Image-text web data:
= Beginning of Section =

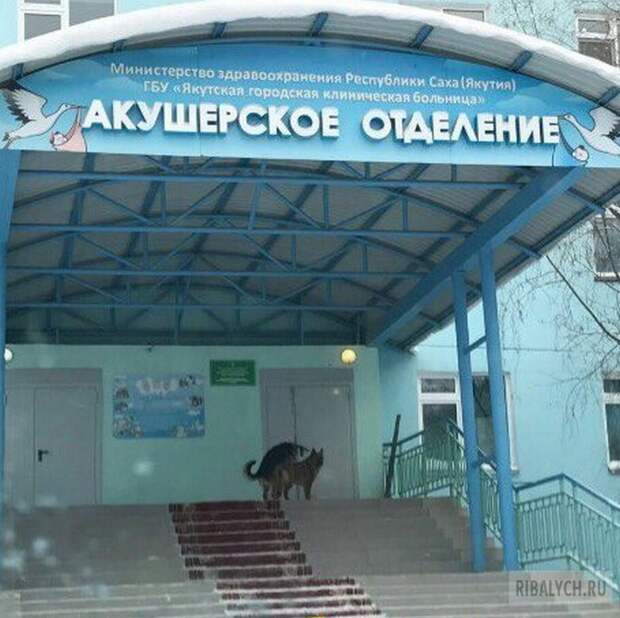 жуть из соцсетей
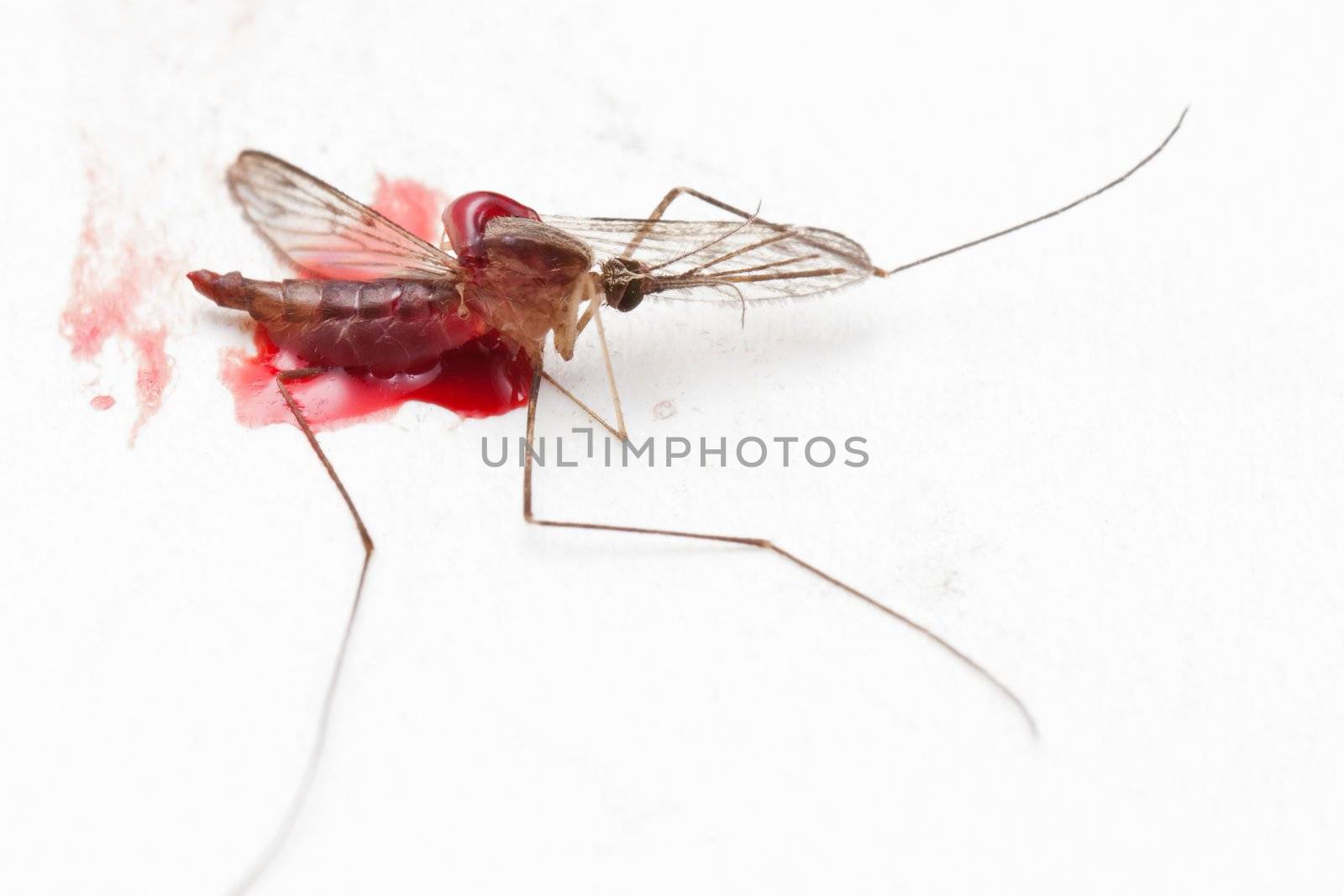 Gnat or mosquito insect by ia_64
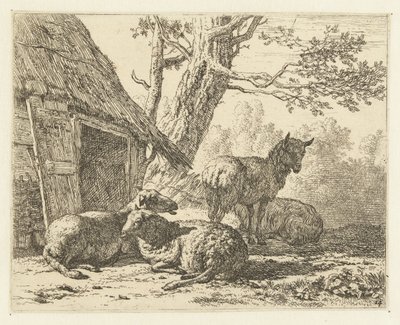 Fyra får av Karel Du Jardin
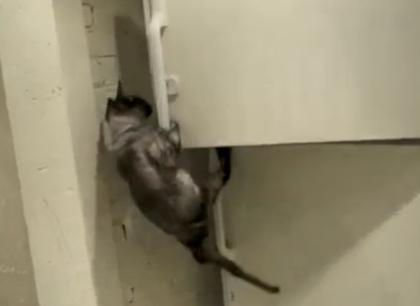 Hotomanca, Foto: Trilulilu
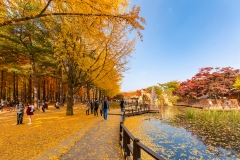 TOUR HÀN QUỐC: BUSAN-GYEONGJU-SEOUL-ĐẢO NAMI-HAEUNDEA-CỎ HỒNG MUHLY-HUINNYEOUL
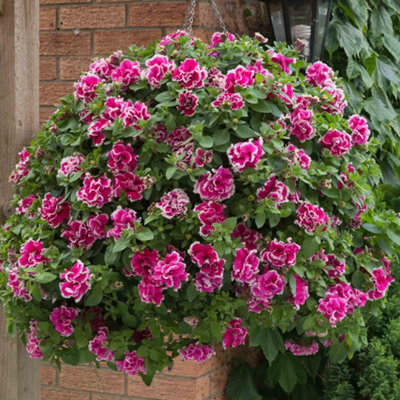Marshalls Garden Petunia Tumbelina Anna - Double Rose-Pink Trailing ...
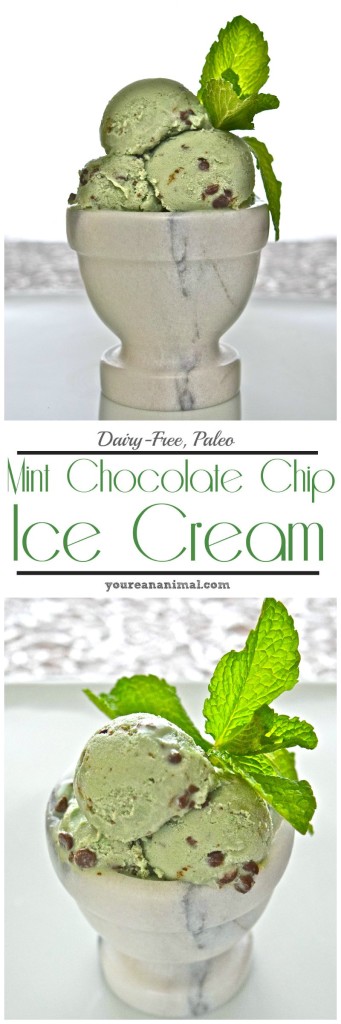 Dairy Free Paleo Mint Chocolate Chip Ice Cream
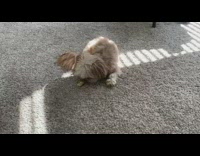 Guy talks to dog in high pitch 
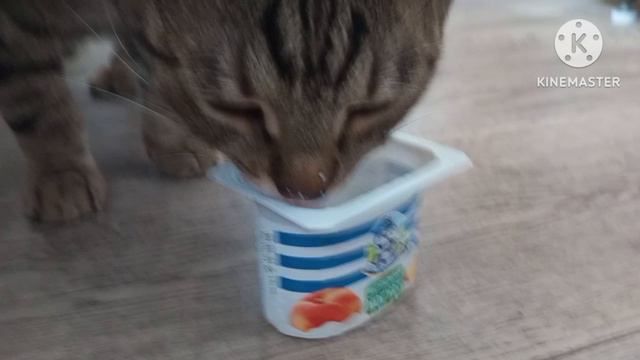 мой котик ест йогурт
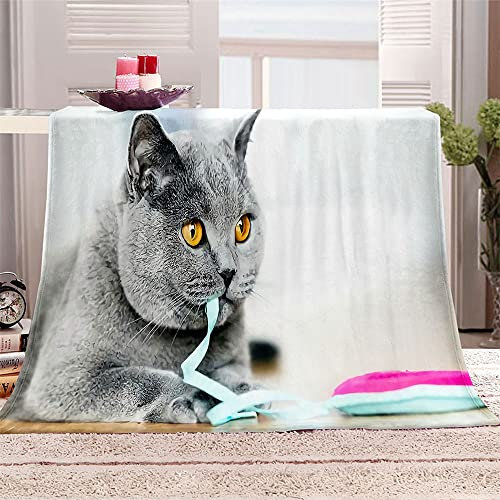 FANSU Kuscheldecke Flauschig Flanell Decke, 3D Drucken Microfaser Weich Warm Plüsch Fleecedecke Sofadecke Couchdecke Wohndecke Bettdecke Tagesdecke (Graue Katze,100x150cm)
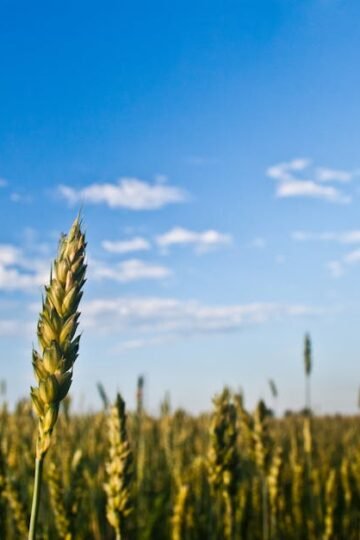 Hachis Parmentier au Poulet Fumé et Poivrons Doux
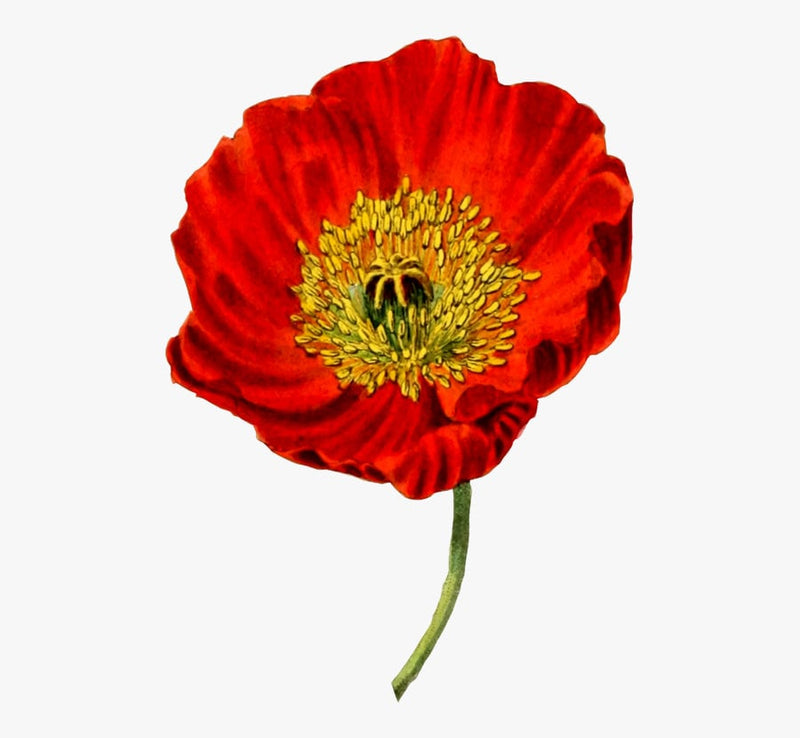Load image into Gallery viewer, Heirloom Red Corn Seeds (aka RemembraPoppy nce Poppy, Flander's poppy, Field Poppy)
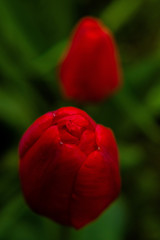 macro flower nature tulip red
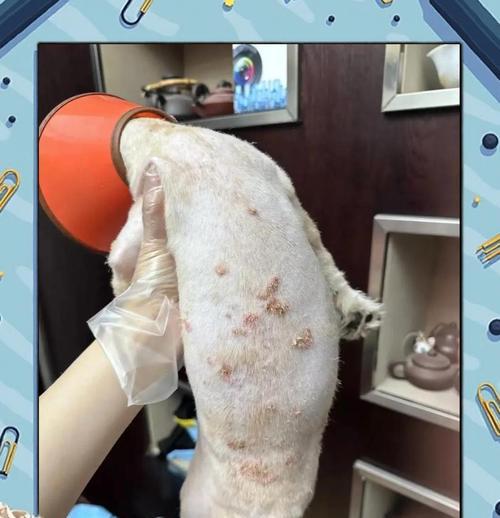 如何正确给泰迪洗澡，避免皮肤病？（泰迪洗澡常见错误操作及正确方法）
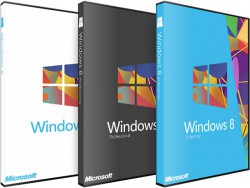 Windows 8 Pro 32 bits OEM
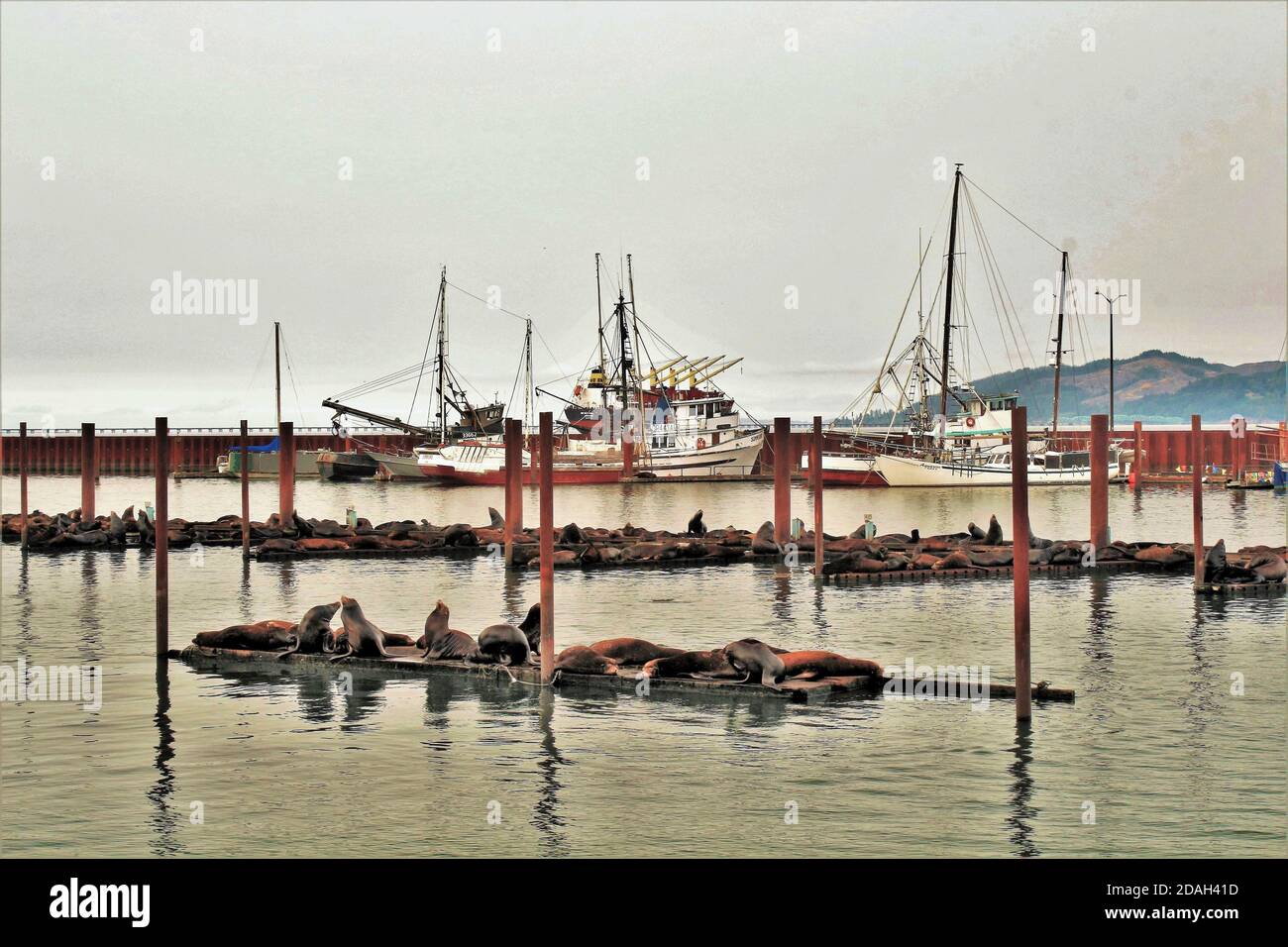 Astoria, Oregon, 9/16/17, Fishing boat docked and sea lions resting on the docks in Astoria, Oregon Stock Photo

= End of Section =

What the task requires ▸ Without including any pictures, reproduce the data exactly.

Solution for this exercise ▸
 жуть из соцсетей
 Gnat or mosquito insect by ia_64
 Fyra får av Karel Du Jardin
 Hotomanca, Foto: Trilulilu
 TOUR HÀN QUỐC: BUSAN-GYEONGJU-SEOUL-ĐẢO NAMI-HAEUNDEA-CỎ HỒNG MUHLY-HUINNYEOUL
Marshalls Garden Petunia Tumbelina Anna - Double Rose-Pink Trailing ...
 Dairy Free Paleo Mint Chocolate Chip Ice Cream
 Guy talks to dog in high pitch 
 мой котик ест йогурт
 FANSU Kuscheldecke Flauschig Flanell Decke, 3D Drucken Microfaser Weich Warm Plüsch Fleecedecke Sofadecke Couchdecke Wohndecke Bettdecke Tagesdecke (Graue Katze,100x150cm)
 Hachis Parmentier au Poulet Fumé et Poivrons Doux
Load image into Gallery viewer, Heirloom Red Corn Seeds (aka RemembraPoppy nce Poppy, Flander's poppy, Field Poppy)
 macro flower nature tulip red
 如何正确给泰迪洗澡，避免皮肤病？（泰迪洗澡常见错误操作及正确方法）
 Windows 8 Pro 32 bits OEM
 Astoria, Oregon, 9/16/17, Fishing boat docked and sea lions resting on the docks in Astoria, Oregon Stock Photo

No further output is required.